Quoting a memo sent by company head Forrest Mars in 1947 instructing the company to act in a mutual way towards its stakeholders, she said this laid the groundwork for the purpose of the organisation. “Mars always regarded itself as an agricultural company because the company depended on agricultural raw materials to manufacture its products,” she said, adding that the company developed a deep understanding of what it takes to produce its items. Forrest Mars’ heirs took this philosophy further, defining five principles on which the company would be run. This helped them weather many changes in the 1980s and 90s.

 

It even helped manage the business through serious global issues like child slavery, deforestation, greenhouse gas emissions and water conservation. Mars worked with like-minded suppliers, and changed the way they worked, even committing to using 100% renewable energy. “In 2016, it defined its corporate purpose,” she said.
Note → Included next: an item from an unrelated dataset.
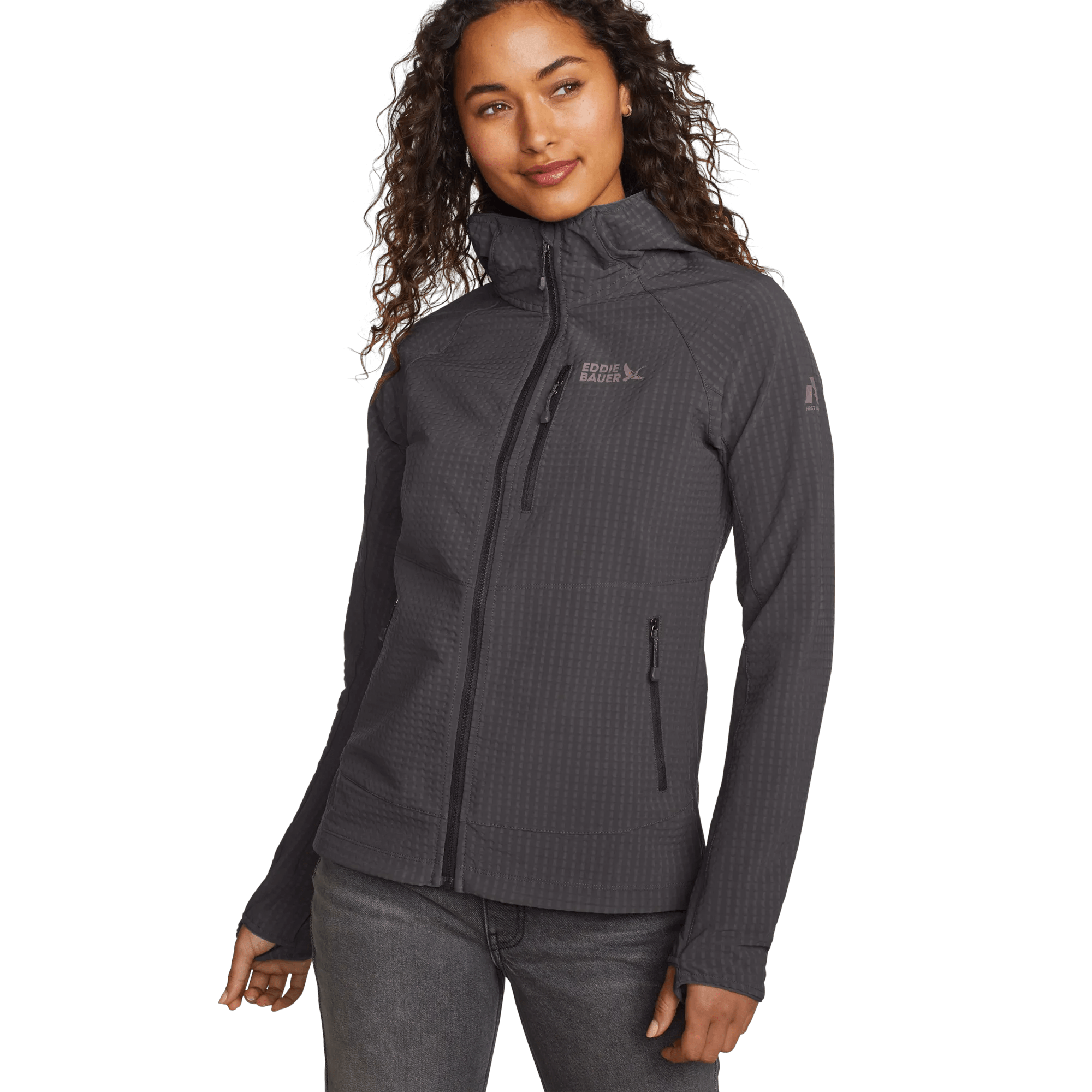 Women's Sandstone Backbone Grid Shell Hoodie - Image 5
Mars introduced its compass – four quadrants based on strong financial performance, quality business growth, positive societal impact and trusted partners, developing specific measurable metrics under each of these that could be cascaded down to organisations and associates on how to bring the purpose statement to life.

 

All this did not happen overnight, she stressed. It took years but it could resonate with everyone and also recognised that longer-term commitments are necessary because changing some things takes time. She said that businesses have to be grounded in principles but must go beyond just delivering, to make an impact. “If you are only in the business to deliver the top and bottom line, then it’s a slippery slope,” she concluded. “A lot of businesses do have a purpose but its just stays “on the wall” or ends up as “purpose-washing” that looks good in an annual report or on the website. The hard part is living it.”